One of the clearest takeaways from the AP Forward safety webinar was this: risk is deeply personal. Two journalists covering the same protest may face very different levels of threat — depending on their gender, race, visa status, or public visibility.
As Kerry Paterson noted:
“Safety isn’t universal. If your fallback plan is ‘run to the nearest police officer,’ that may not feel safe for all of your staff.”
Standardized protocols are necessary — but they aren’t sufficient. Newsrooms need to evolve beyond generic assessments and toward a risk strategy that’s intersectional and inclusive.

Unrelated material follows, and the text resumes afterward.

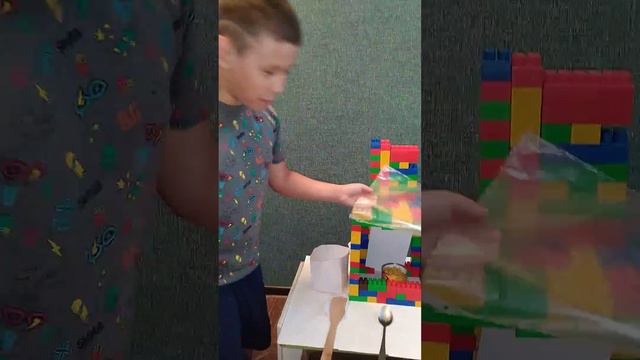 Большая ,средняя,маленькая ложка челлендж с Максом смотреть онлайн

Chris Kemp of The Wall Street Journal stressed the need for journalist-led planning:
“Journalists know their risks. One call — ‘What are you most worried about?’ — can surface what the templates miss.”

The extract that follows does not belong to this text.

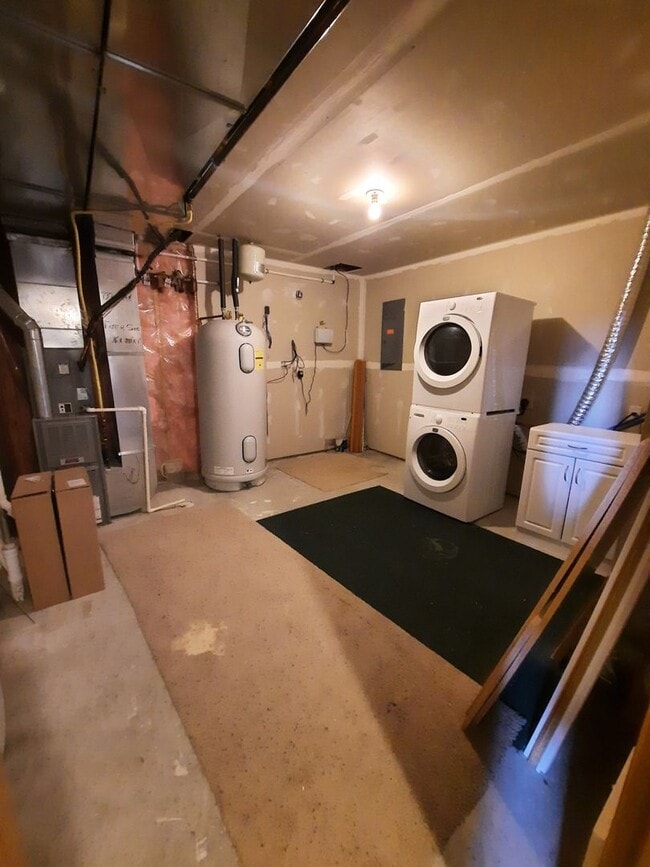 Building Photo - 3 BEDROOM | 2 BATH | TRI-LEVEL | NORTH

Actionable recommendations
- Embed identity in risk planning. Build scenarios that account for how threats differ across staff profiles.
- Involve participants. Risk assessments must be built with the journalist, not just for them.
- Keep it a live process. Risk documents should evolve as the assignment — and threat landscape — shifts.
Questions for leaders
- Are you factoring in identity-based risk when assigning high-exposure stories?
- Are your protocols built for the newsroom you have, not the one you used to be?
- Do staff feel comfortable pushing back on assignments that feel unsafe?